Return, exactly and in full, the lines of the records below starting at the one with "D'Addario ECB80SL XL" and ending at the one with "summer nail ideas", and no other lines.

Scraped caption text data

+++

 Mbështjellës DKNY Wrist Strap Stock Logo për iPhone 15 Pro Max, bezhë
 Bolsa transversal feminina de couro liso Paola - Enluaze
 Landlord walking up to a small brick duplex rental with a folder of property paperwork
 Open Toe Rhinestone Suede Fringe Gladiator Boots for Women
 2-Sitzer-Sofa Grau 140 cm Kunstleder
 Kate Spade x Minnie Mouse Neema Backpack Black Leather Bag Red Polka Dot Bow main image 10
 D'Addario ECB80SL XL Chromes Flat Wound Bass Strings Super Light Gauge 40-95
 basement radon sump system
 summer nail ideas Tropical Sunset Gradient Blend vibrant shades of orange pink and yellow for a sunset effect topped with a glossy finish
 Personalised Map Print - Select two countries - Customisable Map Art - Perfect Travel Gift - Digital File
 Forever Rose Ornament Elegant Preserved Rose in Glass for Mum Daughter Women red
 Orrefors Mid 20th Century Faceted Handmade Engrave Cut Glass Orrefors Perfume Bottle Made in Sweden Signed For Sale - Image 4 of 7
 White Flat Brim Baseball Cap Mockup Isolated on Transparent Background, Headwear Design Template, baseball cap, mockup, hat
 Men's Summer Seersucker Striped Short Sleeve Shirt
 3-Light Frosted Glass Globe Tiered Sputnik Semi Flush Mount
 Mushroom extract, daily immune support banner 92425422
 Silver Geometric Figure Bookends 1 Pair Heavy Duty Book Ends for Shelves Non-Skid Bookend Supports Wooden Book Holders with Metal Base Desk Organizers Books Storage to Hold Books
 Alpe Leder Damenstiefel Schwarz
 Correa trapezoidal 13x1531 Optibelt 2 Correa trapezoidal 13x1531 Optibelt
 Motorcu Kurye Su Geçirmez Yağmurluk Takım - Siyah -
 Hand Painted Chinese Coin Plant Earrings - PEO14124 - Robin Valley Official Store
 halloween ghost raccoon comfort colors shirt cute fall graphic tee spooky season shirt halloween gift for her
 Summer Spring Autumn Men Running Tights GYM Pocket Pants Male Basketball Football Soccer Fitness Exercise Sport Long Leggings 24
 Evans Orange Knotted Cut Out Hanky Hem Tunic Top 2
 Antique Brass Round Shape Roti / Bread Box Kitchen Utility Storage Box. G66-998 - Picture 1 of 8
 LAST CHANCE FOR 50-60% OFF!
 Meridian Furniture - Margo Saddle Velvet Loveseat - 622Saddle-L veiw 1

+++

Answer for this exercise:
 D'Addario ECB80SL XL Chromes Flat Wound Bass Strings Super Light Gauge 40-95
 basement radon sump system
 summer nail ideas Tropical Sunset Gradient Blend vibrant shades of orange pink and yellow for a sunset effect topped with a glossy finish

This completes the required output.